▼

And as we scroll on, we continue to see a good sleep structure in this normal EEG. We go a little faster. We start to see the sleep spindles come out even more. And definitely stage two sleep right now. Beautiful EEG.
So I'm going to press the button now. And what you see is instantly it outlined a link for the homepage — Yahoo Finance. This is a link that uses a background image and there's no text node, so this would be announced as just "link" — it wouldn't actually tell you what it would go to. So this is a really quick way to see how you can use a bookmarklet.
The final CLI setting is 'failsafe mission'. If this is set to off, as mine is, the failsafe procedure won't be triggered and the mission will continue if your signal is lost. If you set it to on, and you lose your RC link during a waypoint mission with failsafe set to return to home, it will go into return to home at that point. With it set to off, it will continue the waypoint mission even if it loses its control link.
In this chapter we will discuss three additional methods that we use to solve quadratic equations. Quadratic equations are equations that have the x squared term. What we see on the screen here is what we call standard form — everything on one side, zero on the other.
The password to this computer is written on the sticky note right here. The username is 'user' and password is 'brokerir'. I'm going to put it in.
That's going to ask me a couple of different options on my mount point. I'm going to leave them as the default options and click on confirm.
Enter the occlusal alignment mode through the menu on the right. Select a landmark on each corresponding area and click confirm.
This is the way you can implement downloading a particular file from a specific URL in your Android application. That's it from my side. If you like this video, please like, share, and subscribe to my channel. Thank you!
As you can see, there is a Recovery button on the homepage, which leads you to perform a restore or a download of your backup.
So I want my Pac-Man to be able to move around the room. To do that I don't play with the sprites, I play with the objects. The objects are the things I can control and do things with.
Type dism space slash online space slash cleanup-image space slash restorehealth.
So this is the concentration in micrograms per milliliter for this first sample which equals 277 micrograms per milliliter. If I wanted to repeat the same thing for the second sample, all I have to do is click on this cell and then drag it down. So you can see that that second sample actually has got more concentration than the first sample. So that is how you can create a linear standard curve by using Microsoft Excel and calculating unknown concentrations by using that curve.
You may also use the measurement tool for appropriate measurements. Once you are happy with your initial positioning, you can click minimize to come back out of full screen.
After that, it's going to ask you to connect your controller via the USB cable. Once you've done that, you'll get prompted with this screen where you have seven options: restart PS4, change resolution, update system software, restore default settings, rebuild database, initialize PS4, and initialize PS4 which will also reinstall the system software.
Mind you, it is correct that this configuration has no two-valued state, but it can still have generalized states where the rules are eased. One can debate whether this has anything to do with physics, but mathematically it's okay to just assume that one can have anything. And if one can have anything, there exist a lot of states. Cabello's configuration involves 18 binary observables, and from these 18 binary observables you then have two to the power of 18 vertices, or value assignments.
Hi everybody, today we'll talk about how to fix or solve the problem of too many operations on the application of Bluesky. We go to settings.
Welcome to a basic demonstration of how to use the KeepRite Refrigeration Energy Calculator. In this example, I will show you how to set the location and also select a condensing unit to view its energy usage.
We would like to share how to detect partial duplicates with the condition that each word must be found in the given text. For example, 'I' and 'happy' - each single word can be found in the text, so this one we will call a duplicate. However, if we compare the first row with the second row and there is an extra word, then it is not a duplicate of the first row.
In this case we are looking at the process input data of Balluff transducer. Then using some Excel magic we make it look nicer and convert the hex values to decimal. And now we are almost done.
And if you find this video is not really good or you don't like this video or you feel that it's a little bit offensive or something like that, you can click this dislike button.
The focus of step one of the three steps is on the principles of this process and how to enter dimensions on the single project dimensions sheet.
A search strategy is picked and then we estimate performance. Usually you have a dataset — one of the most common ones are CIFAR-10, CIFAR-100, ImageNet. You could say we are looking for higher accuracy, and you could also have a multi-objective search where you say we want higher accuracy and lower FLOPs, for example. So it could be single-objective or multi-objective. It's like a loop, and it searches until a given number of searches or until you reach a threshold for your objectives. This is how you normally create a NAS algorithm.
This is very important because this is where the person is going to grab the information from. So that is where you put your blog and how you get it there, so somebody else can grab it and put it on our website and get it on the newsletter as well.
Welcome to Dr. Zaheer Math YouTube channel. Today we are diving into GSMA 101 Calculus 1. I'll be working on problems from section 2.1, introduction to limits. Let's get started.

▲

Reply with the lines from the first line of the entries through the line that contains "So I'm going", repeated exactly with both ends kept, and with nothing else.

And as we scroll on, we continue to see a good sleep structure in this normal EEG. We go a little faster. We start to see the sleep spindles come out even more. And definitely stage two sleep right now. Beautiful EEG.
So I'm going to press the button now. And what you see is instantly it outlined a link for the homepage — Yahoo Finance. This is a link that uses a background image and there's no text node, so this would be announced as just "link" — it wouldn't actually tell you what it would go to. So this is a really quick way to see how you can use a bookmarklet.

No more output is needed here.